On Tue, Mar 01, 2011 at 09:32:56PM +0530, Krishna Kumar2 wrote:
> "Michael S. Tsirkin" <mst@xxxxxxxxxx> wrote on 02/28/2011 03:13:20 PM:
> 
> Thank you once again for your feedback on both these patches.
> I will send the qemu patch tomorrow. I will also send the next
> version incorporating these suggestions once we finalize some
> minor points.
> 
> > Overall looks good.
> > The numtxqs meaning the number of rx queues needs some cleanup.
> > init/cleanup routines need more symmetry.
> > Error handling on setup also seems slightly buggy or at least
> asymmetrical.
> > Finally, this will use up a large number of MSI vectors,
> > while TX interrupts mostly stay unused.
> >
> > Some comments below.
> >
> > > +/* Maximum number of individual RX/TX queues supported */
> > > +#define VIRTIO_MAX_TXQS		 		 16
> > > +
> >
> > This also does not seem to belong in the header.
> 
> Both virtio-net and vhost need some check to make sure very
> high values are not passed by userspace. Is this not required?

Whatever we stick in the header is effectively part of
host/gues interface. Are you sure we'll never want
more than 16 VQs?

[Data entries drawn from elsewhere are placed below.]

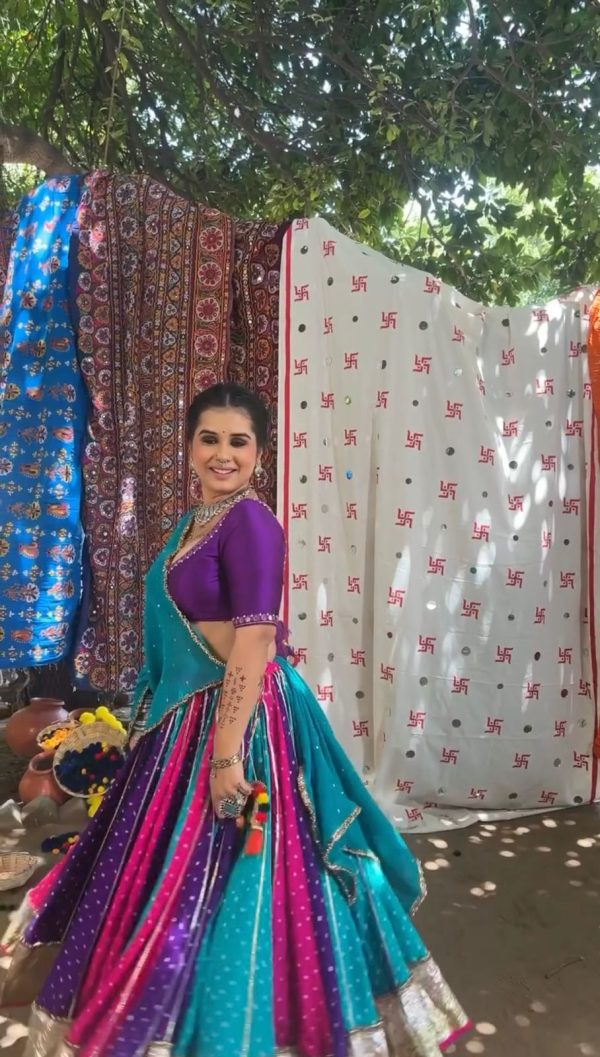 Nice Blue Color Georgette Mirror Less khadi Print Lehenga Choli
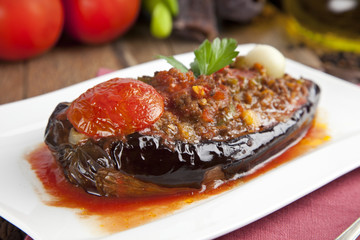 Aubergine Eggplant Meal - Karniyarik (Riven Belly) © gorkemdemir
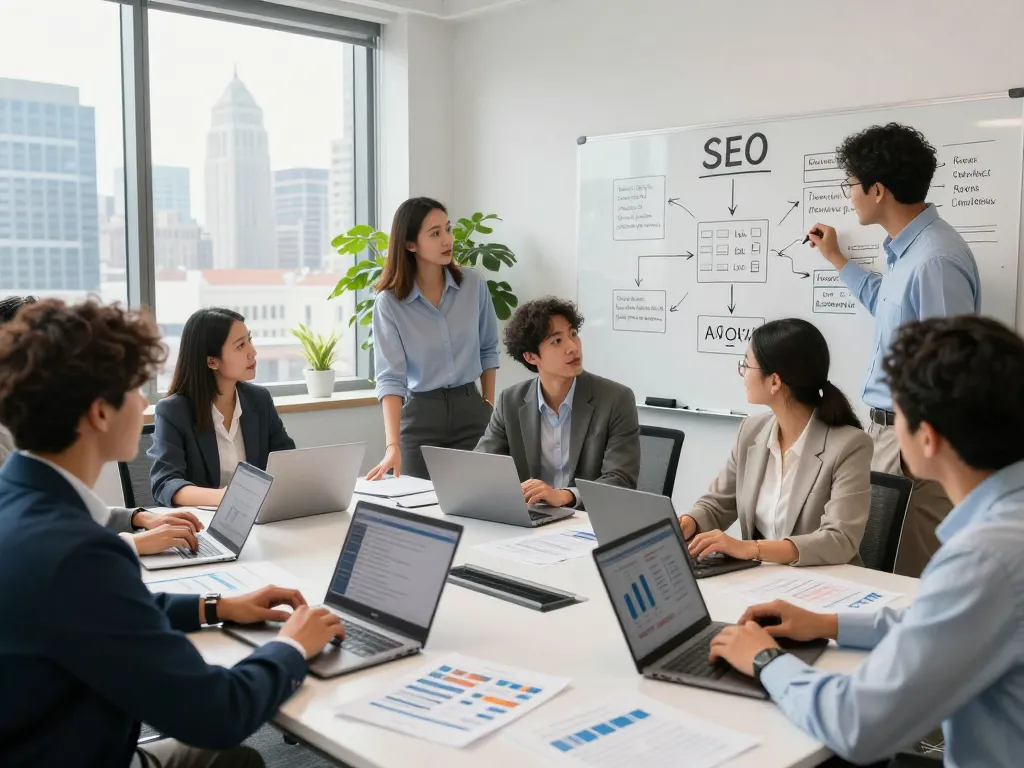 New York SEO Services team collaborating on digital marketing strategies in a modern office setting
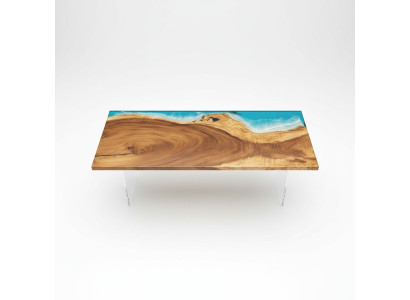 Epoxidharz Mesa de comedor River Table Madera maciza Real Mesas 221x91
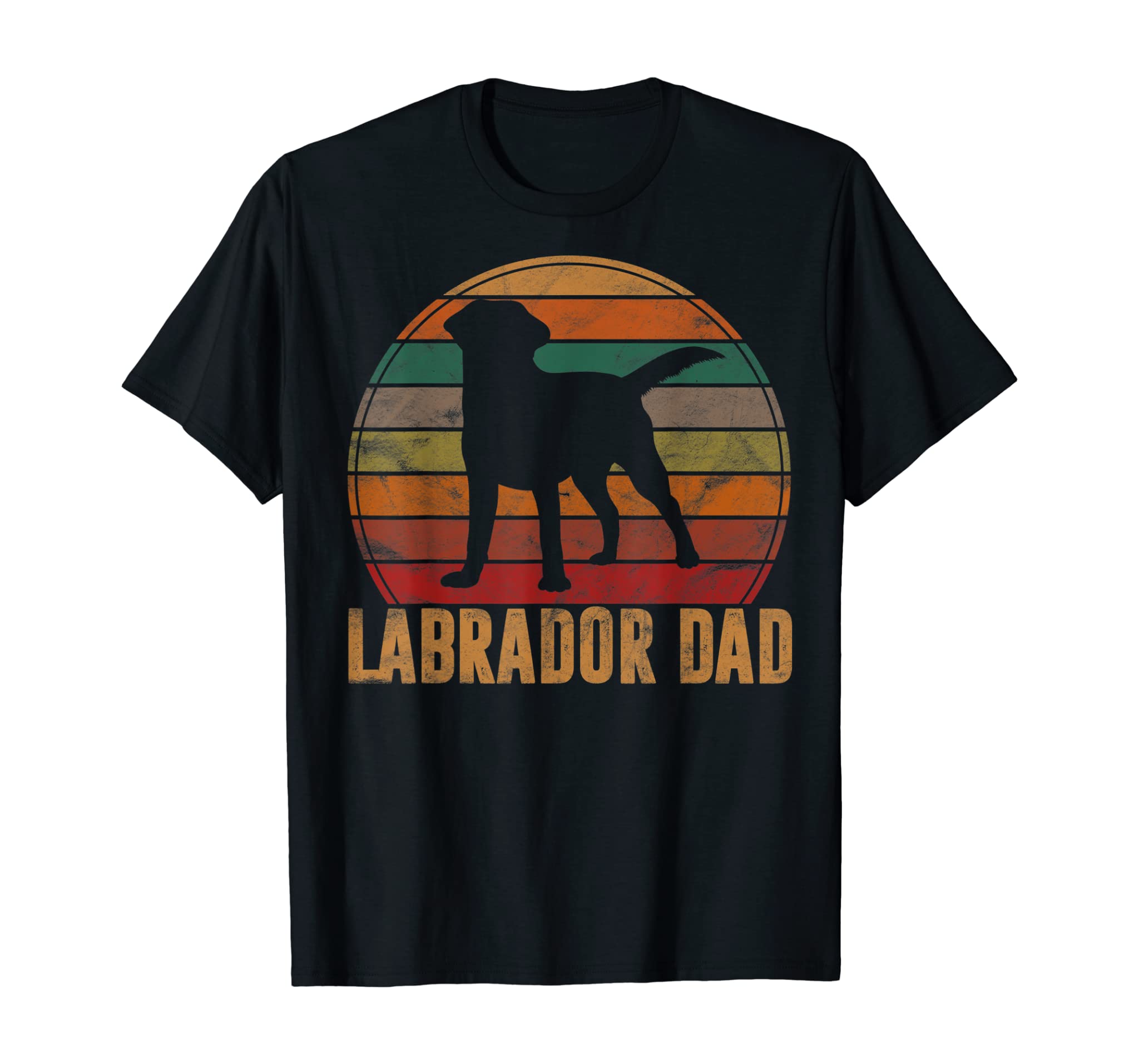 Retro Labrador Dad Gift Dog Daddy Golden Black Lab Father T-Shirt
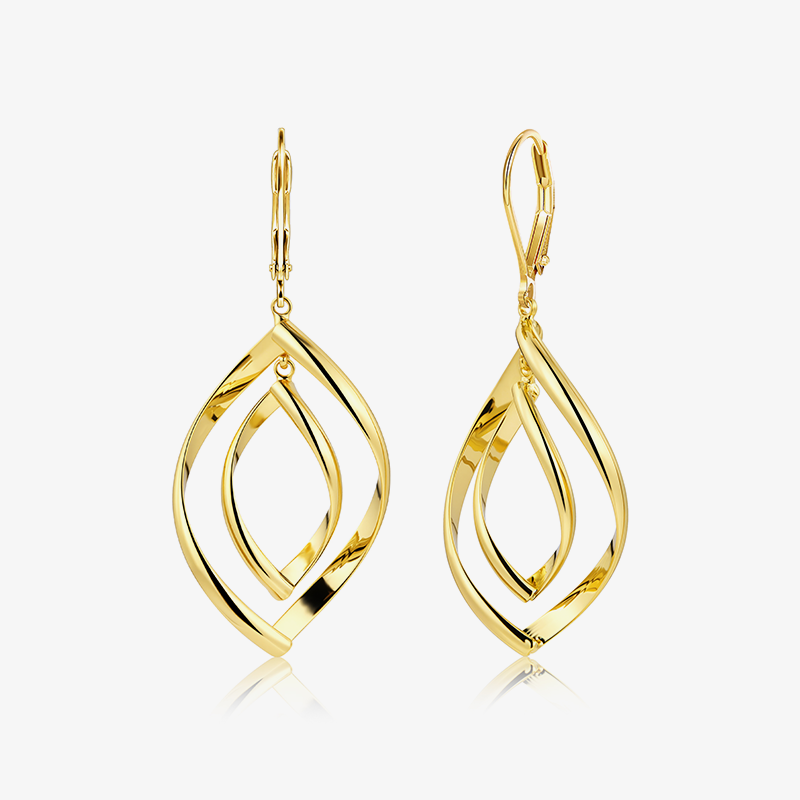 Gold Double Twist drop earrings with two linked teardrop loops, polished finish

This value does not seem that high.

> > > +#define VIRTIO_NET_F_NUMTXQS		 21		 /* Device supports multiple
> TX queue */
> >
> > VIRTIO_NET_F_MULTIQUEUE ?
> 
> Yes, that's a better name.
> 
> > > @@ -34,6 +38,8 @@ struct virtio_net_config {
> > >  		 __u8 mac[6];
> > >  		 /* See VIRTIO_NET_F_STATUS and VIRTIO_NET_S_* above */
> > >  		 __u16 status;
> > > +		 /* number of RX/TX queues */
> > > +		 __u16 numtxqs;
> >
> > The interface here is a bit ugly:
> > - this is really both # of tx and rx queues but called numtxqs
> > - there's a hardcoded max value
> > - 0 is assumed to be same as 1
> > - assumptions above are undocumented.
> >
> > One way to address this could be num_queue_pairs, and something like
> > 		 /* The actual number of TX and RX queues is num_queue_pairs +
> 1 each. */
> > 		 __u16 num_queue_pairs;
> > (and tweak code to match).
> >
> > Alternatively, have separate registers for the number of tx and rx
> queues.
> 
> OK, so virtio_net_config has num_queue_pairs, and this gets converted to
> numtxqs in virtnet_info?

Or put num_queue_pairs in virtnet_info too.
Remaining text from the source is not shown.